Step 3: Positional Encoding (The Order)
Because the Transformer looks at the whole sentence at once (Parallel Processing), it doesn't naturally know that "Man bites Dog" is different from "Dog bites Man."
Action: The architecture adds a mathematical "timestamp" to each word so the model knows: "This word is 1st, this word is 2nd."
Step 4: The Attention Blocks (The Processing)
This is the Deep Learning part (The Hidden Layers).
Multi-Head Attention: The model looks at the sentence from multiple "perspectives" (Heads) at the same time.
Head 1: Focuses on grammar (Subject-Verb).
Head 2: Focuses on relationships (Who is "it"?).
Head 3: Focuses on tone (Is this angry?).
Feed-Forward Network: The model passes this information through its weights (the logic learned during training) to refine the understanding.
Finally created context vector (The meaning of the input text)
Decoder
Purpose: To take the "map" from the Encoder and generate the output text, step-by-step.
Step 1: Input Processing (The Setup)
The Decoder takes the list of words it has generated so far: ["<Start>", "The", "Giant"].
Embedding: It turns "Giant" into a vector (a list of numbers representing the meaning of Giant).
Positional Encoding: It adds a "timestamp" to the vector so the model knows "Giant" is the 3rd word in the sentence.
Step 2: Masked Self-Attention (The Internal Check)
Action: The Decoder looks at the input
["The", "Giant"].The Mask: It deliberately blocks out any future positions (so it can't see what hasn't been written yet).
The Logic: It calculates how "The" and "Giant" relate to each other.
It determines that "Giant" is an adjective modifying "The."
It establishes the expectation: "I have an Adjective.
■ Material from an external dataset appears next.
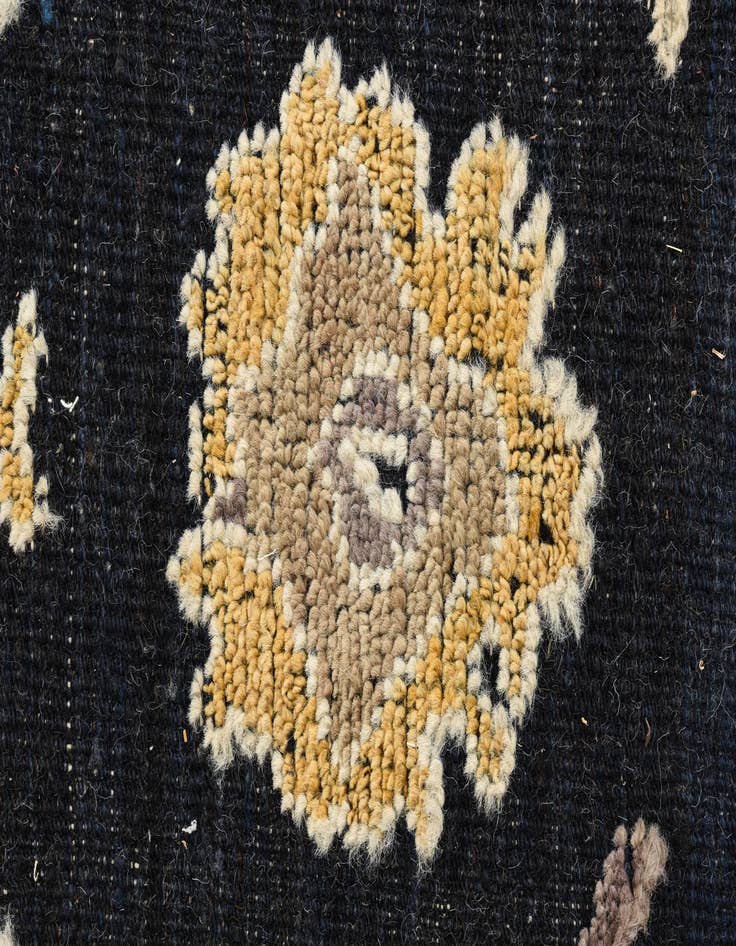 Detail image of 8' 1 x 10' 1  Hand Knotted Oushak Wool Rug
I need a Noun next."
Result: The vector for "Giant" is updated to include this grammatical context.
Step 3: Cross-Attention (The Fact Retrieval)
Action: The Decoder takes this updated "Giant" vector and looks at the Encoder’s Context Vector (the map of the original source sentence).
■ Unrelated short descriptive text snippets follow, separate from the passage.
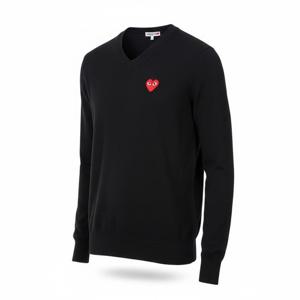 꼼데가르송 레드 와펜 니트 P1N002   AX N002 051 1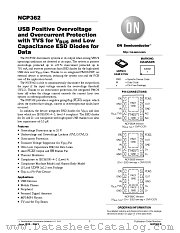 NCP362 datasheet pdf ON Semiconductor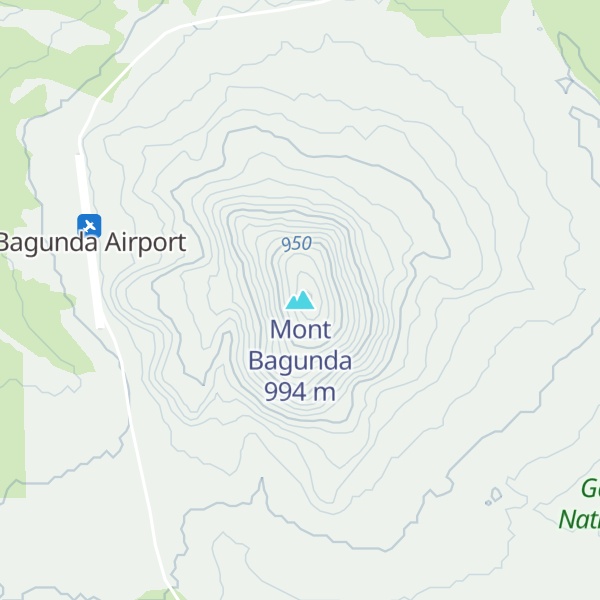 Map of Mont Bagunda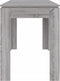 vidaXL - Eettafel - 120x60x76 - cm - bewerkt - hout - grijs - sonoma - eikenkleurig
The Query: "I am at the word 'Giant'. What concept in the original map corresponds to this?"
The Match: The Attention mechanism finds a high match with the concept "Apple" in the Encoder's map.
Result: It pulls the "Apple" information into the Decoder. The vector now contains the meaning of the word it wants to say.
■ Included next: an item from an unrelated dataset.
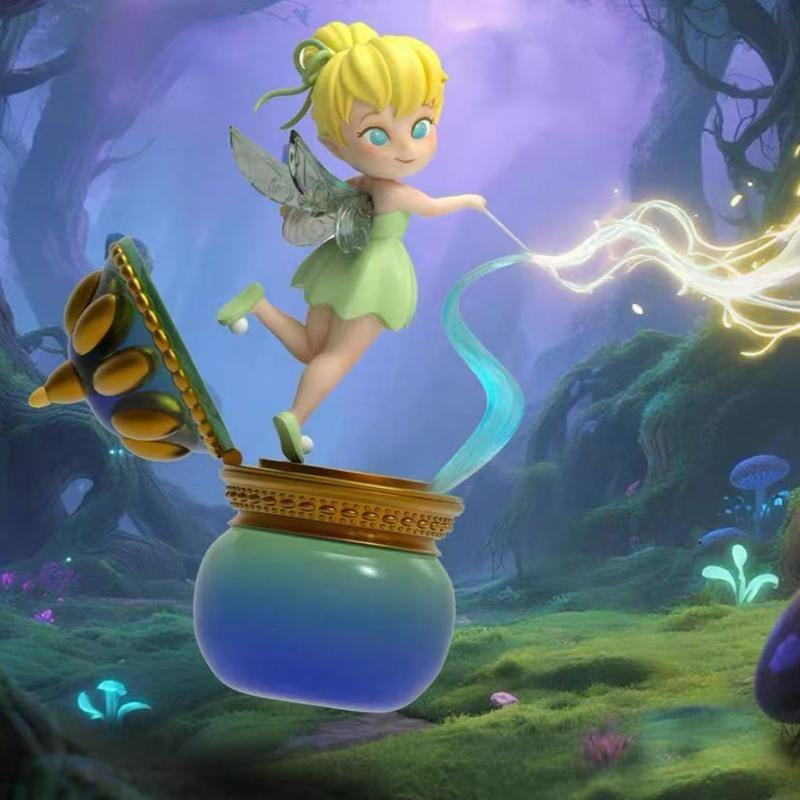 Disney Peter Pan Lost Treasure Collection Functional Surprise Box Figure - Decorative Ornaments and Practical Desk Accessories (Pen Holder/Trinket Tray), Perfect Gift for Peter Pan Enthusiasts, Ideal for Home and Office Display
Step 4: Feed-Forward Network (The Processing)
Action: The "Apple" vector passes through the Feed-Forward neural network.
The Logic: This is where the model applies its "Deep Learning" logic (weights).
It refines the vector.
It resolves specific details (e.g., "Should it be 'Apple' or 'Apples'? Well, the source was singular, so keep it singular.")
Result: A highly polished vector that represents the perfect next concept.
Step 5: Linear Layer (The Vocabulary Check)
Action: The Decoder takes that polished vector and compares it against its entire Dictionary (e.g., 50,000 possible words).
The Math: It performs a massive multiplication.
How much does this vector look like "Aardvark"? (Score: 0.01)
How much does this vector look like "Banana"? (Score: 3.5)
How much does this vector look like "Apple"? (Score: 15.2)
Result: A list of raw scores (called Logits) for every word in the dictionary.
Step 6: Softmax Function (The Probability)
Action: It turns those raw scores into percentages.
Result:
Apple: 94%
Pear: 4%
Car: 0.001%
Step 7: Selection (Decoding Strategy)
Action: The computer picks the word.
Greedy Search: Picks the highest number (94% -> "Apple").
Temperature Sampling: Sometimes picks a slightly less likely word to be "creative" (e.g., might pick "Pear").
Final Output: The word "Apple" is printed on the screen.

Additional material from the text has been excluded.